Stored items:
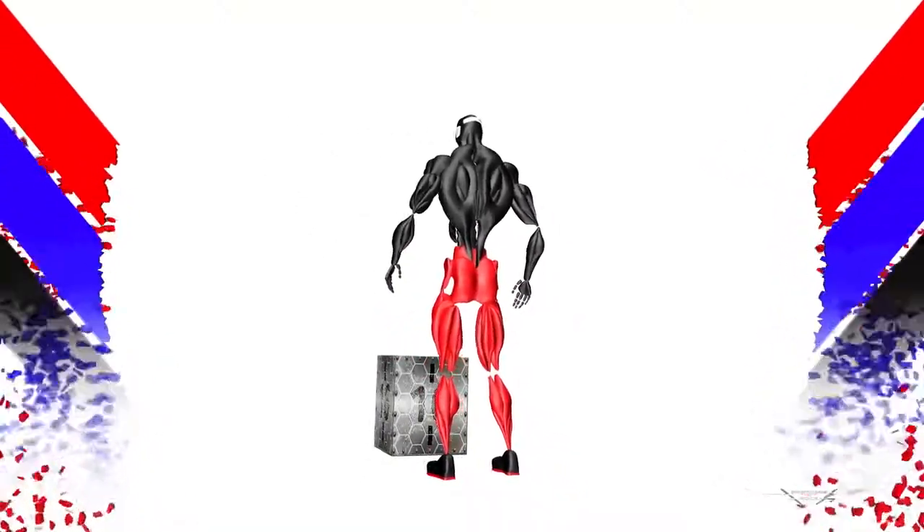Purpose of the exercise: increase vertical. Keep the core tight. Feet shoulder width apart, lower into a squat position.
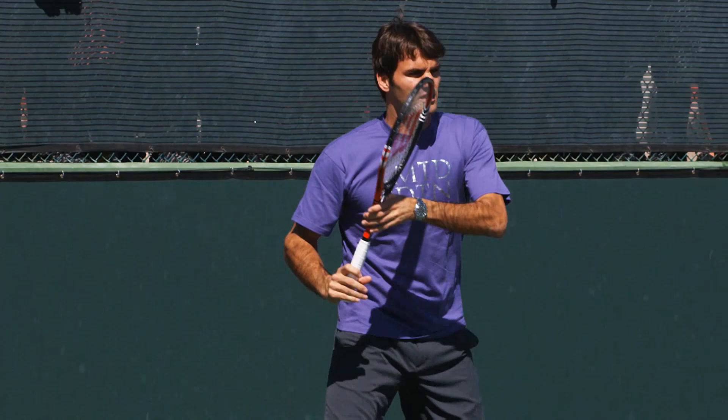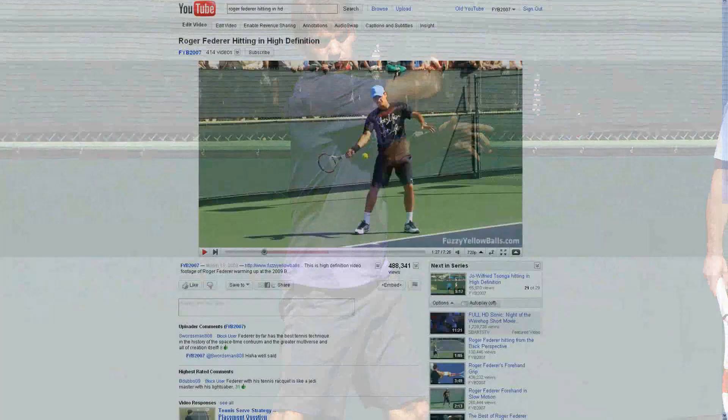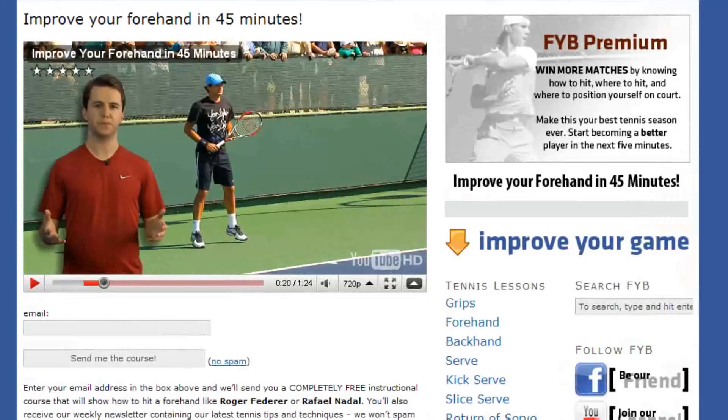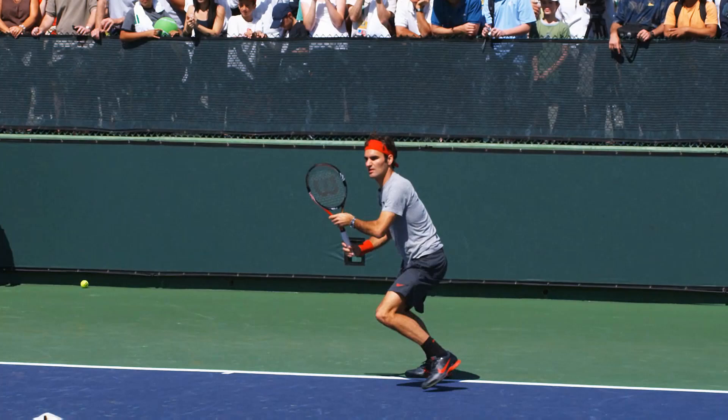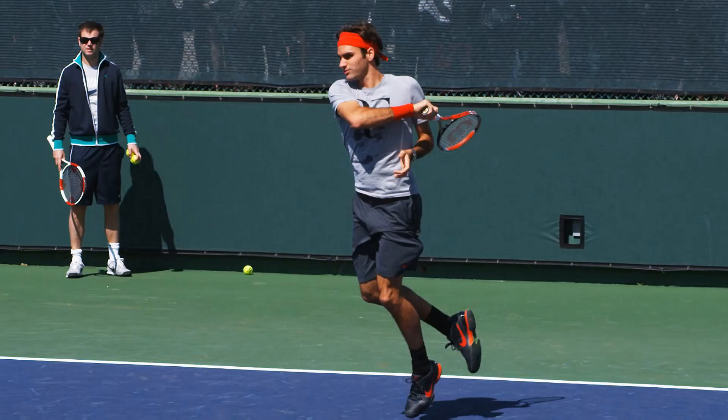Did you know that there are only five simple things you need to do to have a textbook forehand like Roger Federer? If you click the link in the description of this video and visit our website, you'll learn why Federer's forehand is so good and how you can copy his technique. This entire 45-minute lesson is 100% free. Join the thousands who have already learned what these five simple things are and take control of your forehand today.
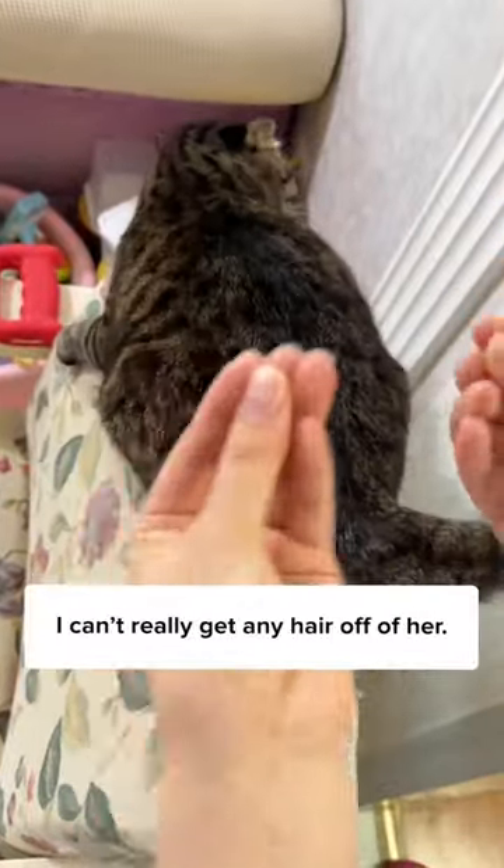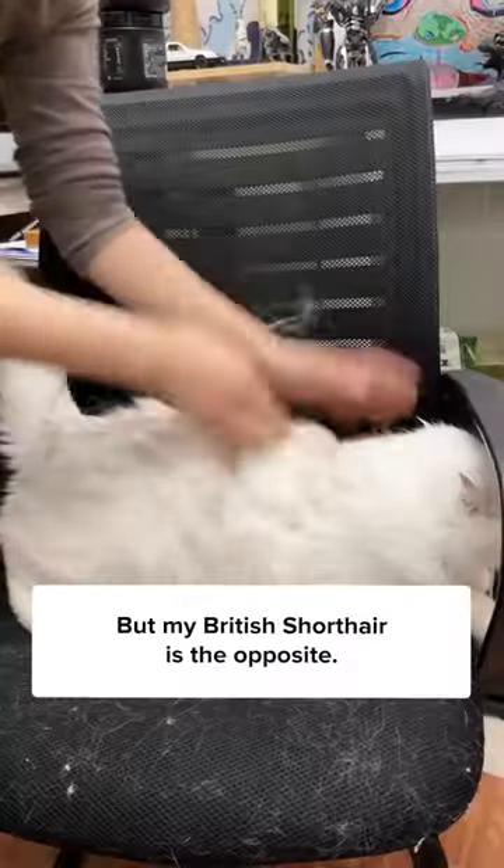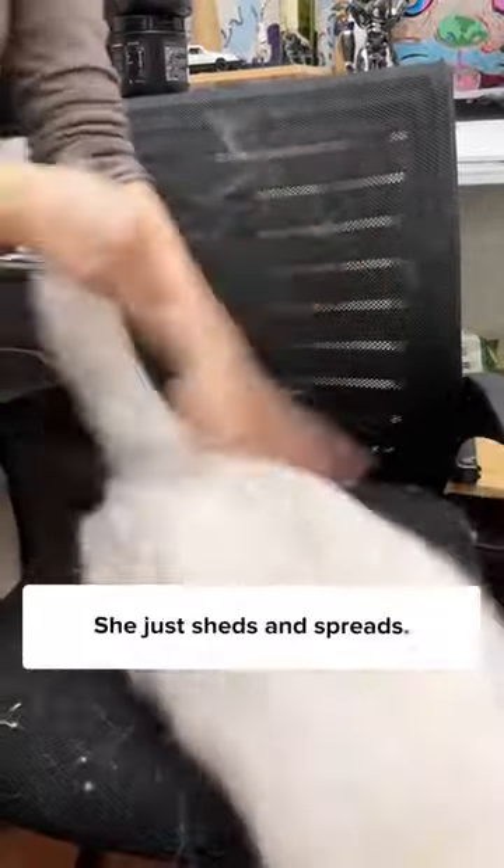My tabby cat doesn't shed much — I can't really get any hair off of her. But my British Shorthair is the opposite. She just sheds and spreads.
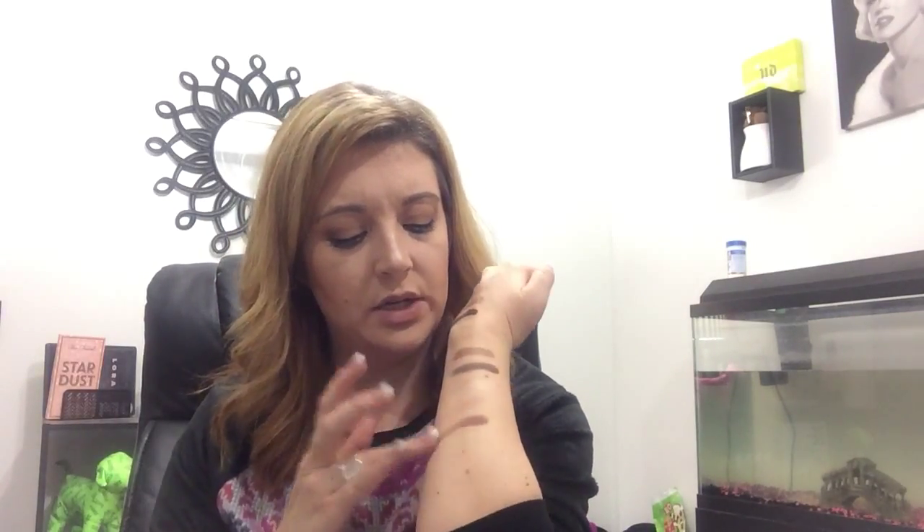Then we have Funny Girl, which is what I used all over my lid — it is like a champagne shade. Then we have Sweetheart, which is kind of like a light pinky brown — you can see the pink in that. And then we have Rebel, which has got like an orangey, bricky, brick-reddish color to it. And then we have Leader, which is like a dark maroon color.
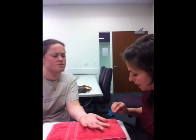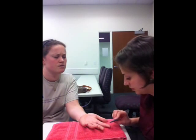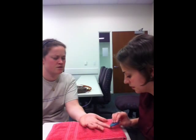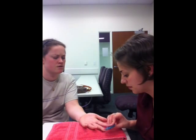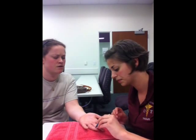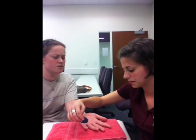Two. One. Two. One. Two. One. Two. One. Two. One. Two. One. Two. One. Two. One. Two. One. Two. One. Two. One. Two. One. Two.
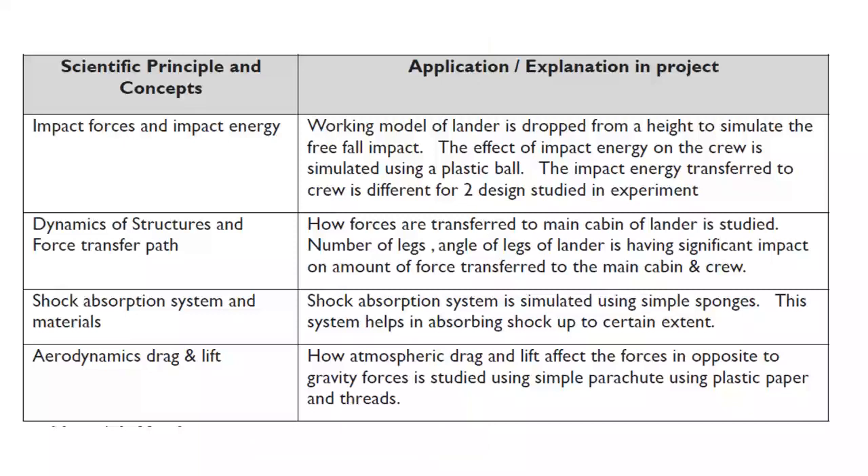With this fun experiment, we can learn various science concepts such as impact forces and impact energy, dynamics of structures and force transport path, shock absorption systems and materials, and aerodynamic drag and lift. I hope you had fun making your own lander at home and understood how different space agencies like NASA and ISRO design their landers.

Action item: Retype the data exactly as it stands, but keep the images out of your copy.

Result:
Purpose of the exercise: increase vertical. Keep the core tight. Feet shoulder width apart, lower into a squat position.
Did you know that there are only five simple things you need to do to have a textbook forehand like Roger Federer? If you click the link in the description of this video and visit our website, you'll learn why Federer's forehand is so good and how you can copy his technique. This entire 45-minute lesson is 100% free. Join the thousands who have already learned what these five simple things are and take control of your forehand today.
My tabby cat doesn't shed much — I can't really get any hair off of her. But my British Shorthair is the opposite. She just sheds and spreads.
Then we have Funny Girl, which is what I used all over my lid — it is like a champagne shade. Then we have Sweetheart, which is kind of like a light pinky brown — you can see the pink in that. And then we have Rebel, which has got like an orangey, bricky, brick-reddish color to it. And then we have Leader, which is like a dark maroon color.
Two. One. Two. One. Two. One. Two. One. Two. One. Two. One. Two. One. Two. One. Two. One. Two. One. Two. One. Two. One. Two.
With this fun experiment, we can learn various science concepts such as impact forces and impact energy, dynamics of structures and force transport path, shock absorption systems and materials, and aerodynamic drag and lift. I hope you had fun making your own lander at home and understood how different space agencies like NASA and ISRO design their landers.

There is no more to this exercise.